**Task instructions**
Starting at the line that holds "500x334 Space Mission", reproduce each line exactly up to and including the last line of the records below. Pictures stay out.

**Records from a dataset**
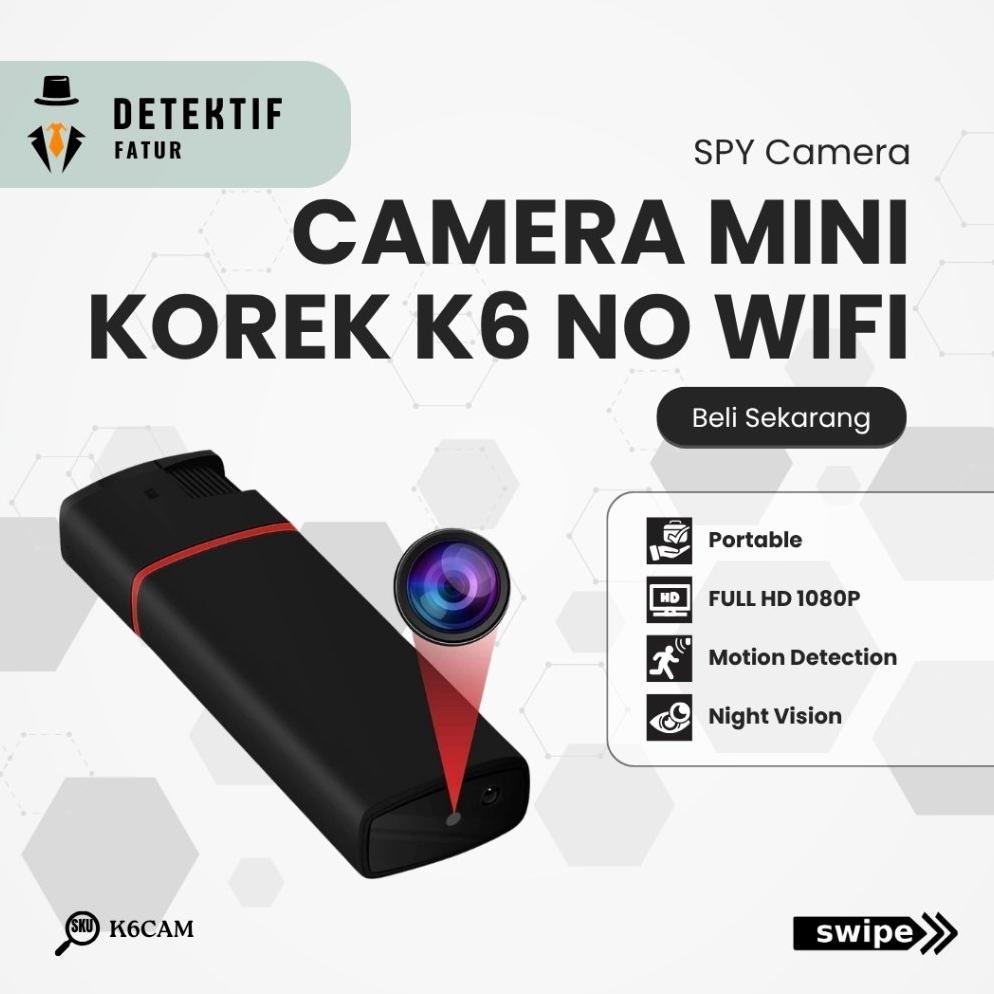 K6CAM Spy Camera Korek K6 Kamera Mini Full HD 1080P No WiFi Perekam Video Portable Support Micro SD 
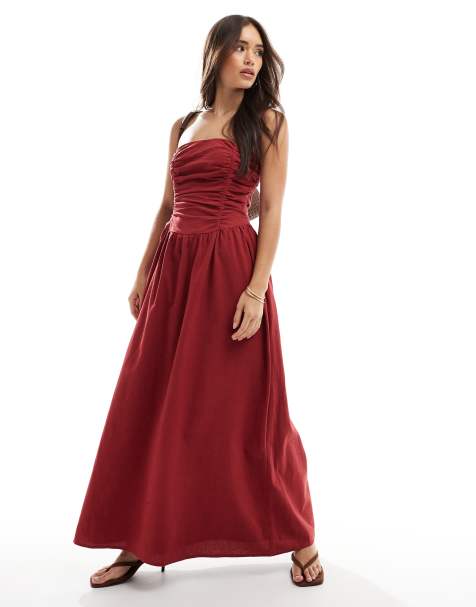 4th & Reckless bandeau ruched detail maxi dress in rust - view 1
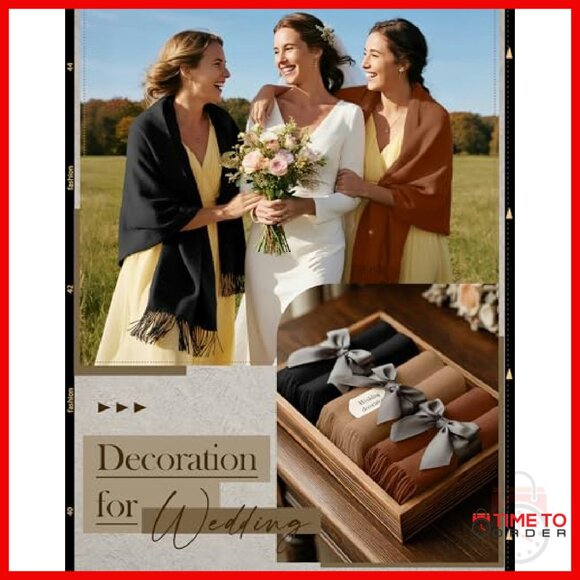 3 Pack Winter Scarves Soft Pashmina Shawl Wraps 75" Long Warm Accessories - Picture 7 of 8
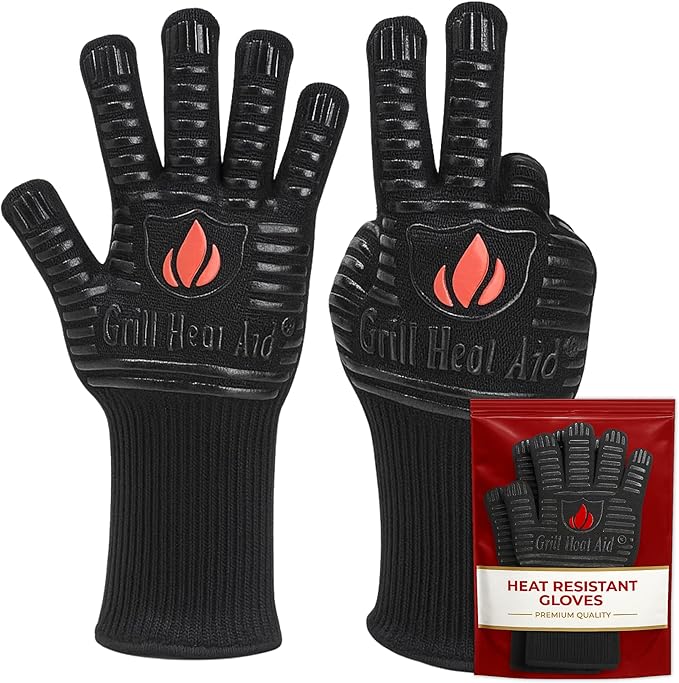 GRILL HEAT AID BBQ Grill Gloves 1472°F - Extreme Heat Resistant Oven Mitts for Grilling, Smoker & Fire Pit with Silicone Grip & EN407 Cut Resistance - Mid Cuff, Black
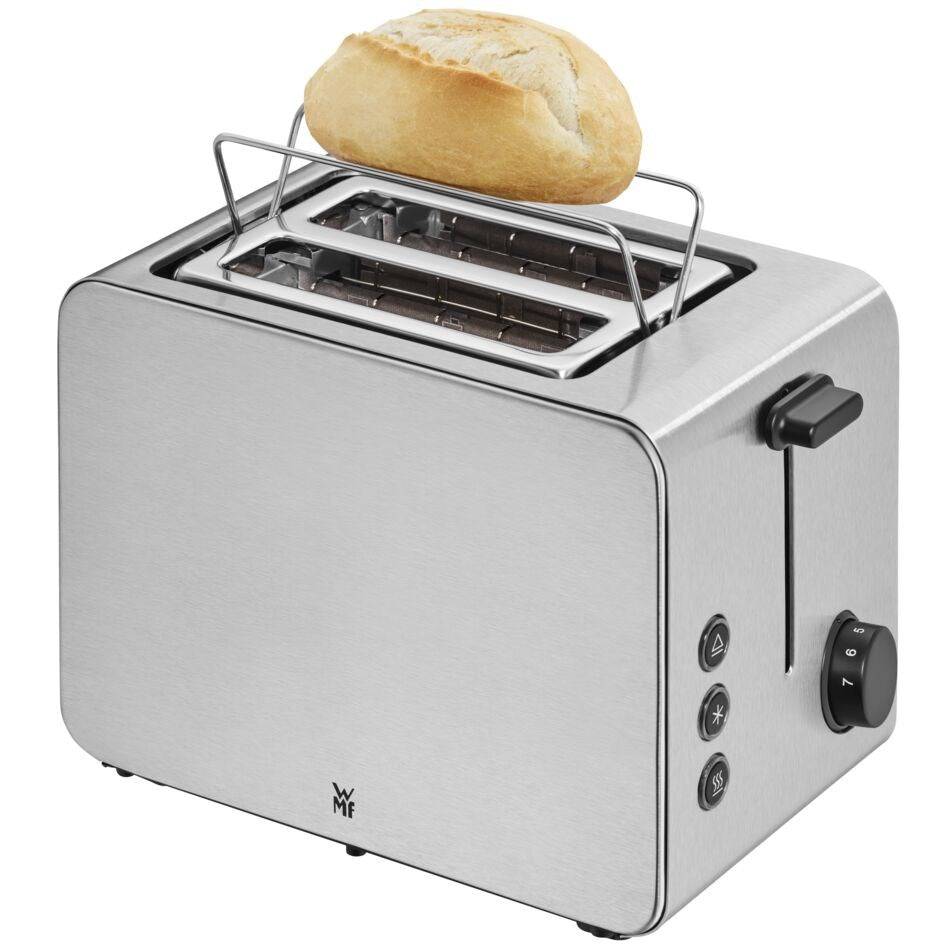 WMF Stelio Toaster 2 Scheiben Edelstahl, Doppelschlitz Toaster mit Brötchenaufsatz,-2
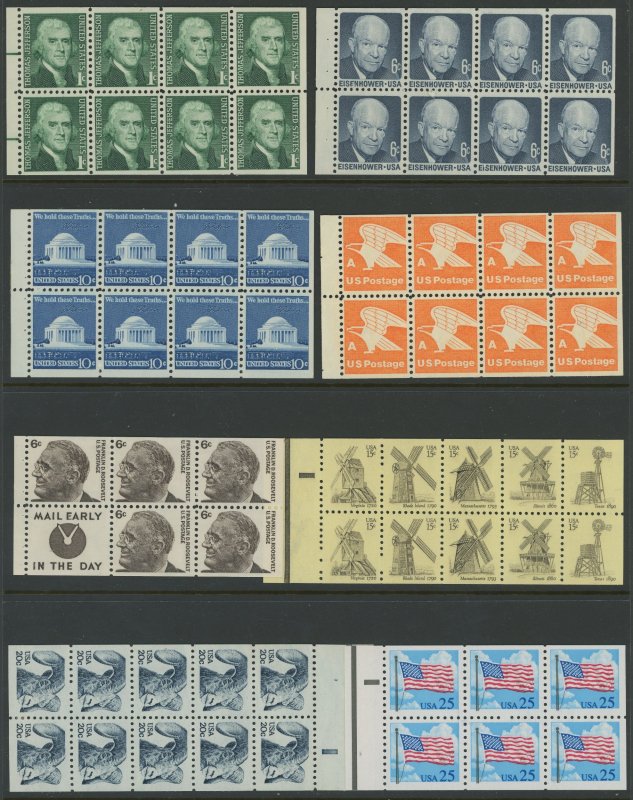 USA 30 mint booklet panes - mix of hinged & never hinged - Cat $???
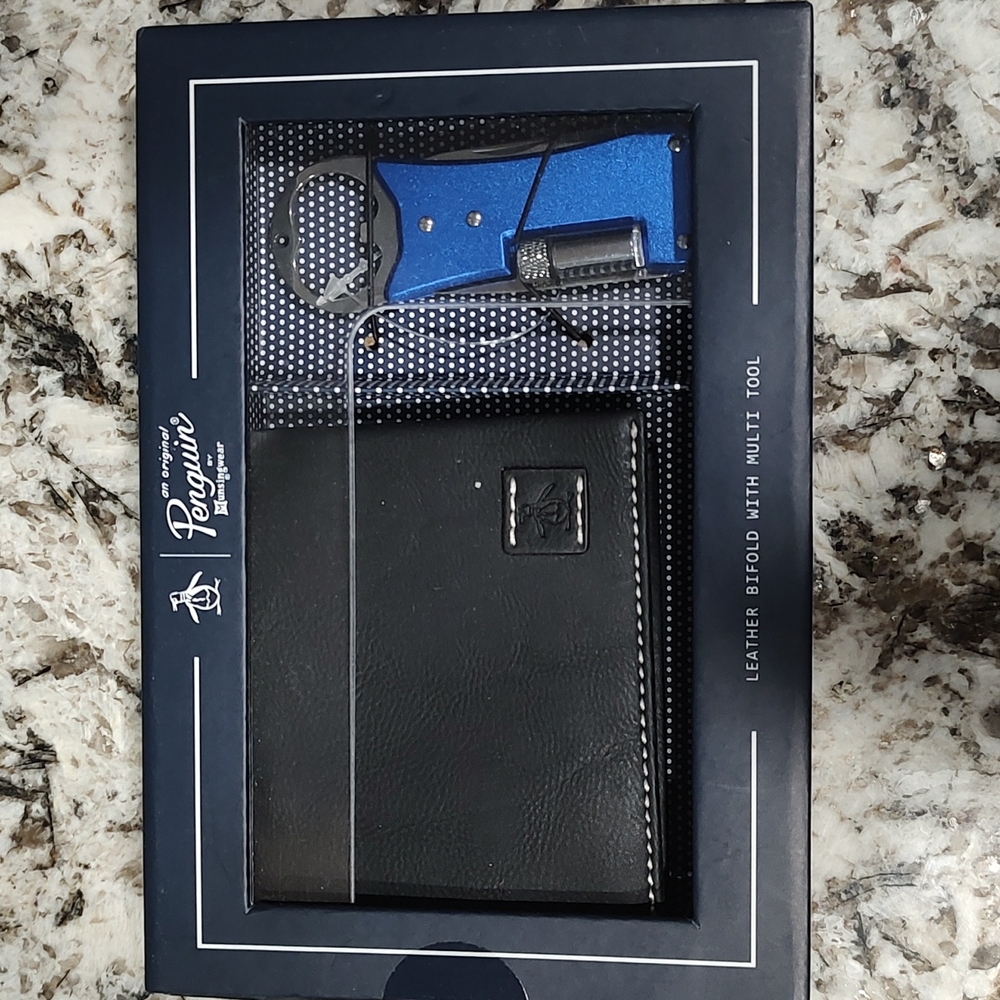 Original Penguin Men's Leather Bifold wallet with multi tool
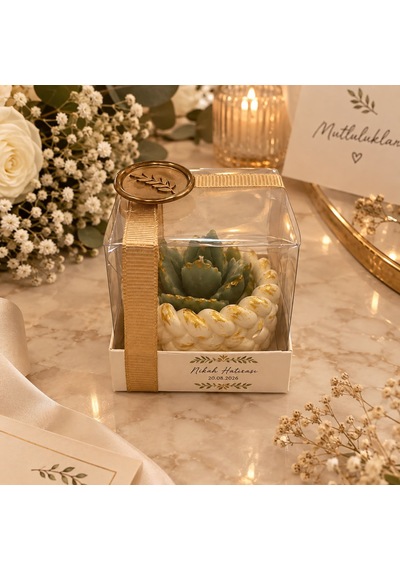 20 Li Kişiye Özel Nikah Hediyeliği Sukulent Mum Taş Tozu Mumluk Süslemeli Etiketli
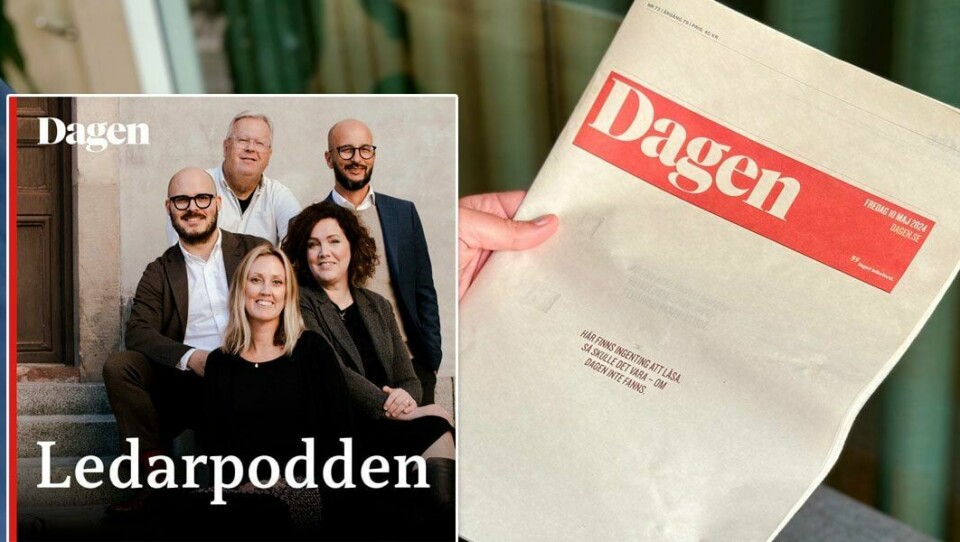 Ledarpodden diskuterar det nya mediestödet och hur det påverkar Dagen framöver. Specialutgåva av Dagen med tomma sidor för att uppmärksamma det minskade mediestödet. Infälld bild på Ledarpoddens logga.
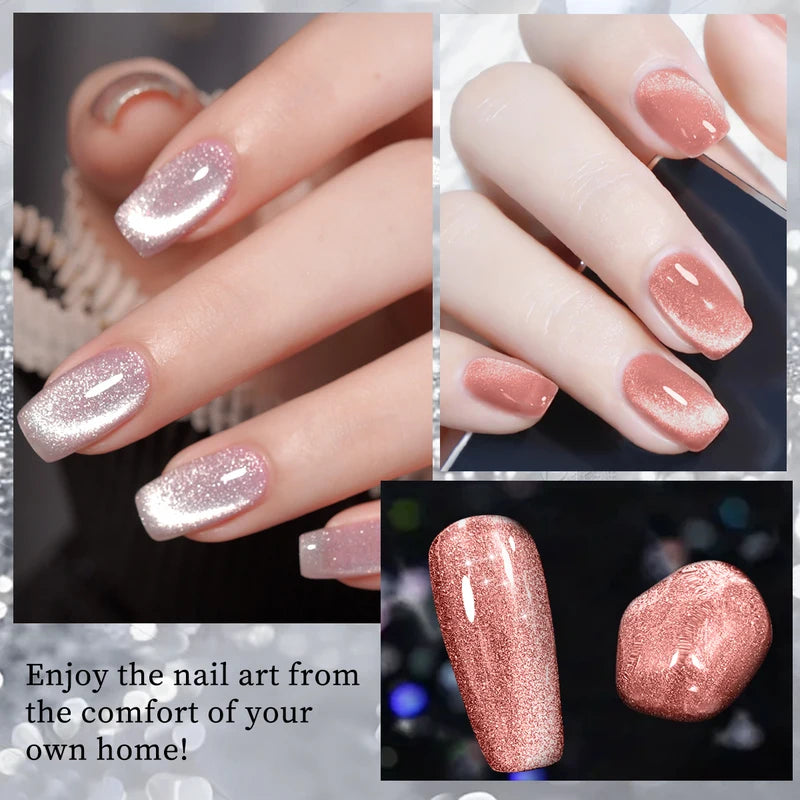 Magnetic Cat's Eye Nail Gel Set - Semi-Permanent UV LED Soak Off Polish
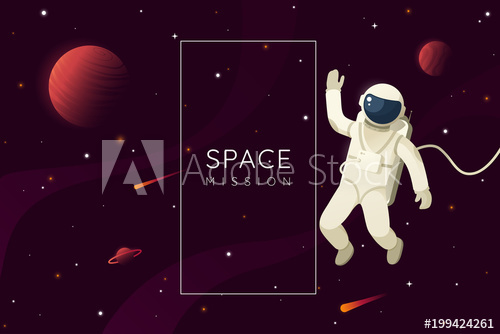 500x334 Space Mission Vector Illustration Astronaut In Outer Space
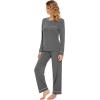 imageWiWi Womens Pajamas Set Soft Long Sleeve Tops and Pants Viscose from Bamboo Sleepwear Lightweight Pj Loungewear SXXLBdark Heather Grey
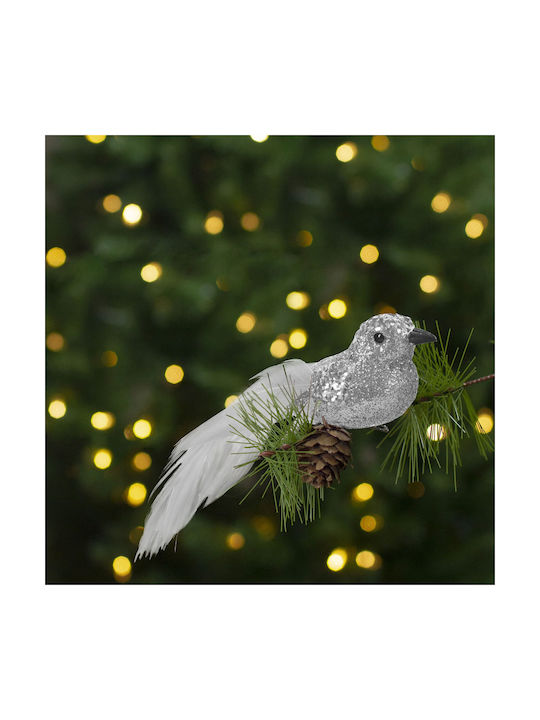 Christmas Decoration Silver Bird Clip 15 Cm Glitter Ornament Tree Set 2 Pcs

**Answer for the task**
 500x334 Space Mission Vector Illustration Astronaut In Outer Space
 imageWiWi Womens Pajamas Set Soft Long Sleeve Tops and Pants Viscose from Bamboo Sleepwear Lightweight Pj Loungewear SXXLBdark Heather Grey
 Christmas Decoration Silver Bird Clip 15 Cm Glitter Ornament Tree Set 2 Pcs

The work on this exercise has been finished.